*Task objective*
Extract the run of lines that starts at the top of the records below and ends at the line with "Light Brown Womenโs", keeping both ends and excluding pictures.
▶
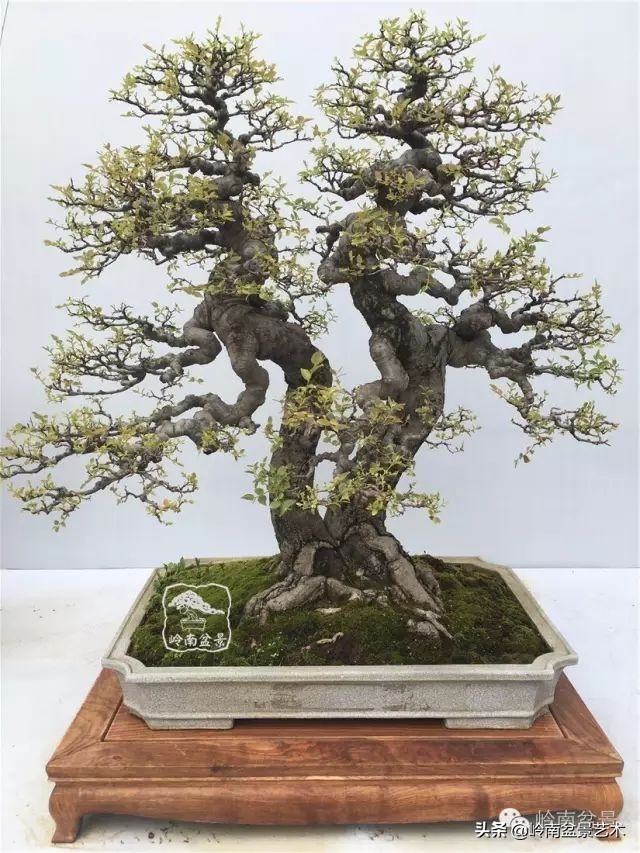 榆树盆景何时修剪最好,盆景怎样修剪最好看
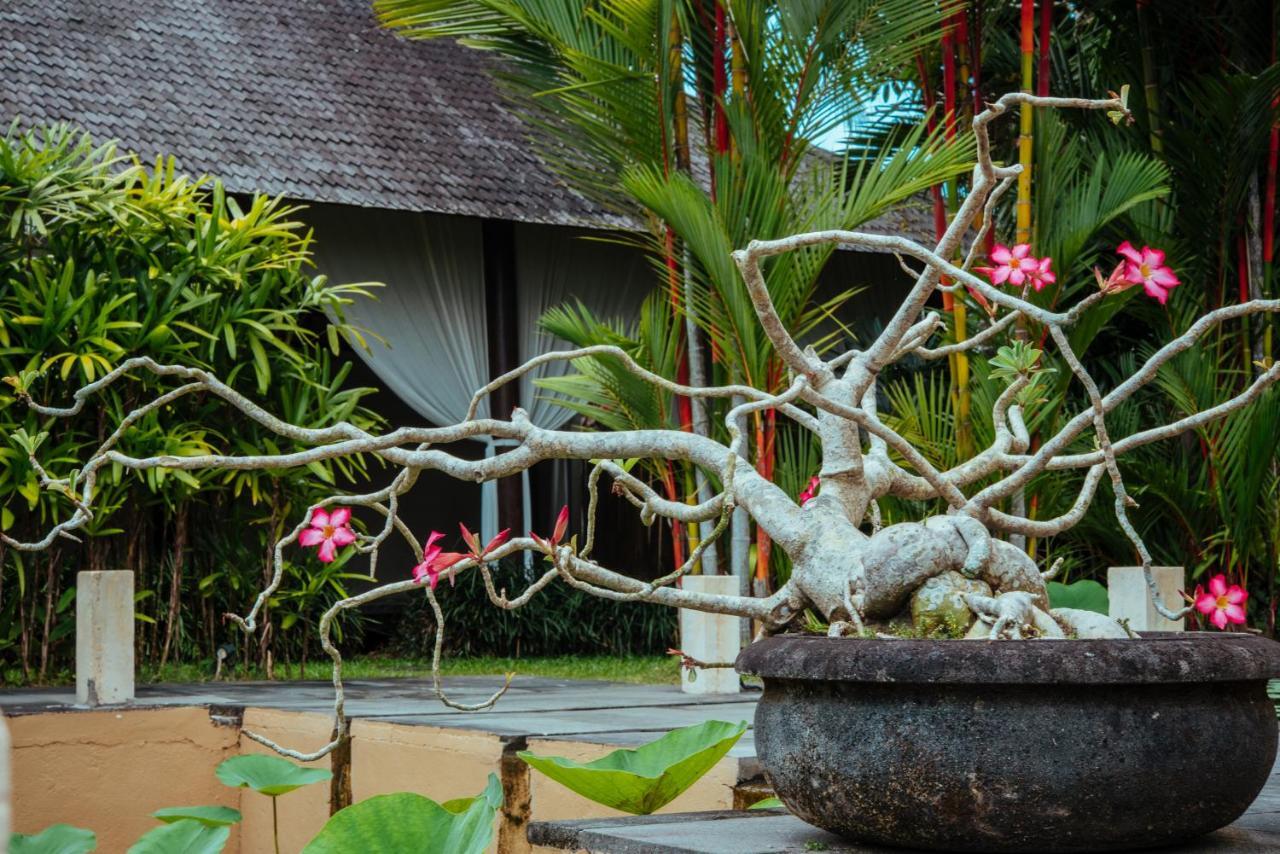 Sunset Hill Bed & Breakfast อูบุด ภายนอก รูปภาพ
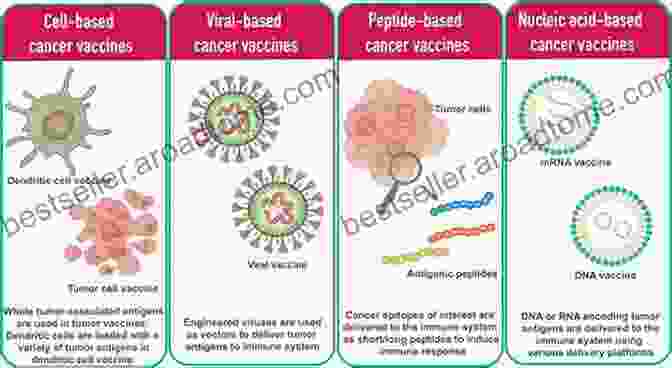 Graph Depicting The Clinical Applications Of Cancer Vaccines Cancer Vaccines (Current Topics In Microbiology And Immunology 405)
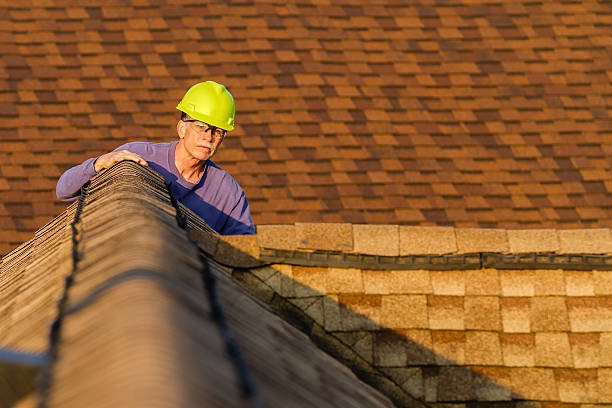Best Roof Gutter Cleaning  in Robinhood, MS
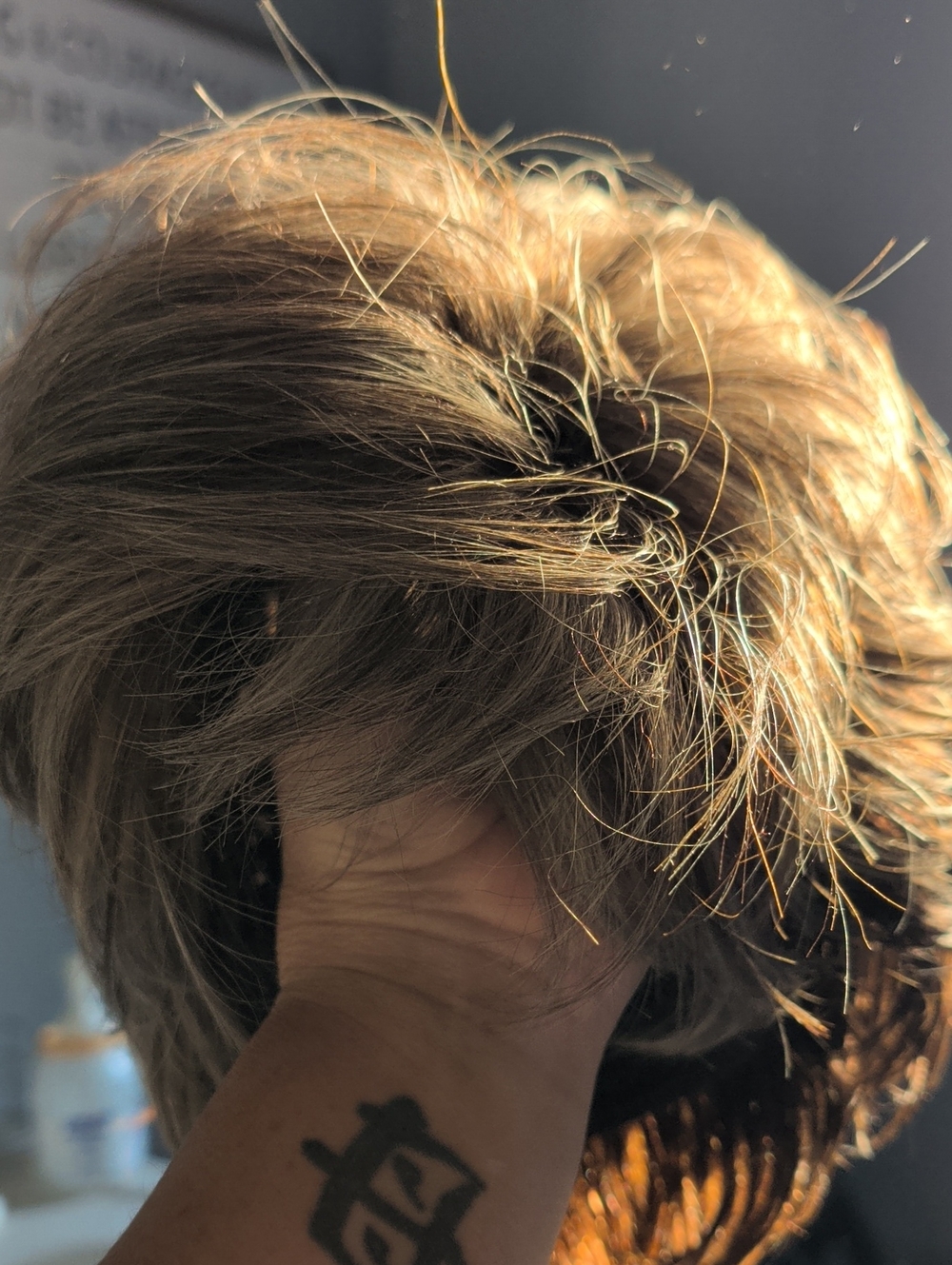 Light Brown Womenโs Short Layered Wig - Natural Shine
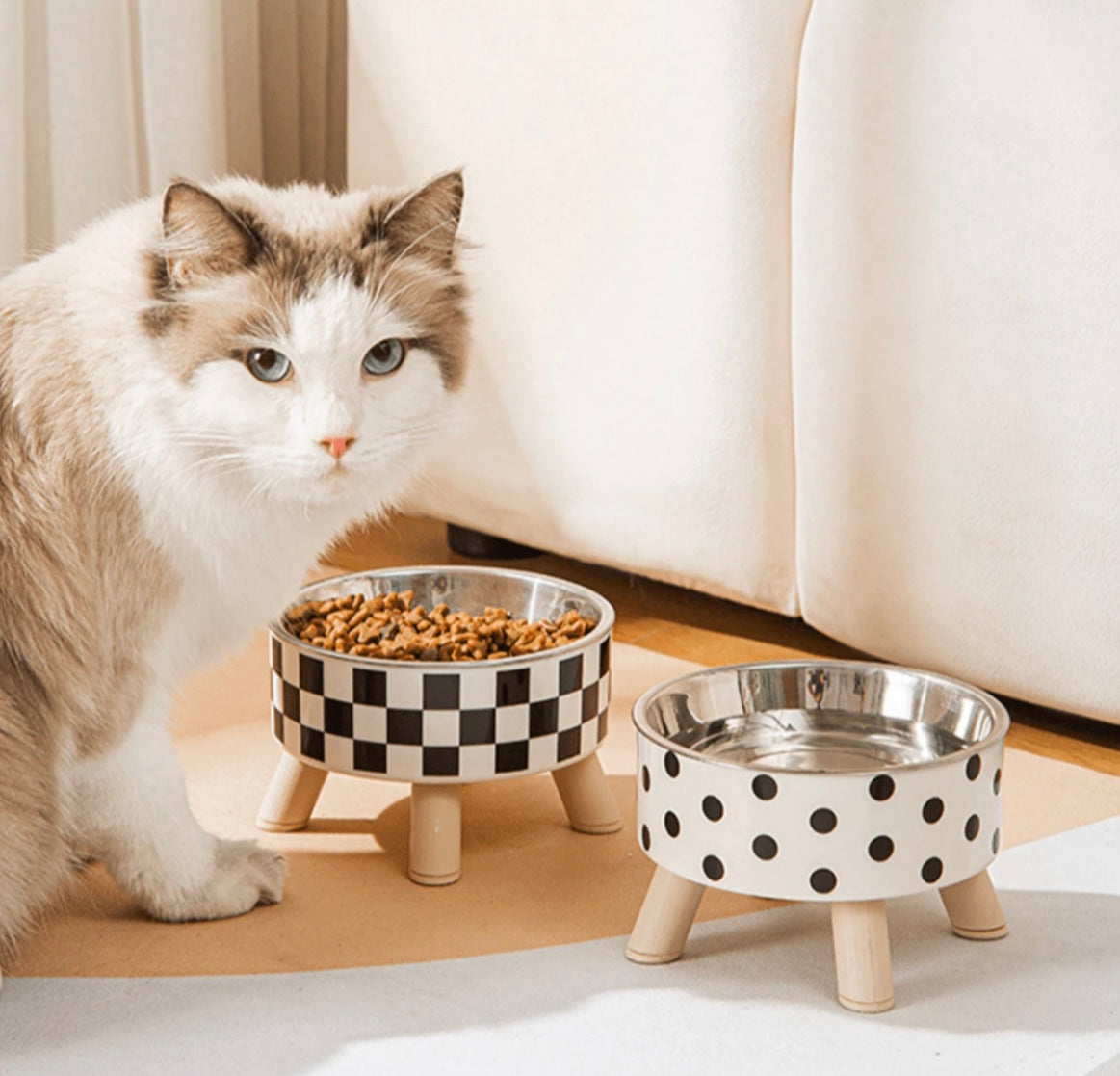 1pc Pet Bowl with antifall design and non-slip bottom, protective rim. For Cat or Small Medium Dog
◀
*Solution to the problem*
 榆树盆景何时修剪最好,盆景怎样修剪最好看
 Sunset Hill Bed & Breakfast อูบุด ภายนอก รูปภาพ
 Graph Depicting The Clinical Applications Of Cancer Vaccines Cancer Vaccines (Current Topics In Microbiology And Immunology 405)
Best Roof Gutter Cleaning  in Robinhood, MS
 Light Brown Womenโs Short Layered Wig - Natural Shine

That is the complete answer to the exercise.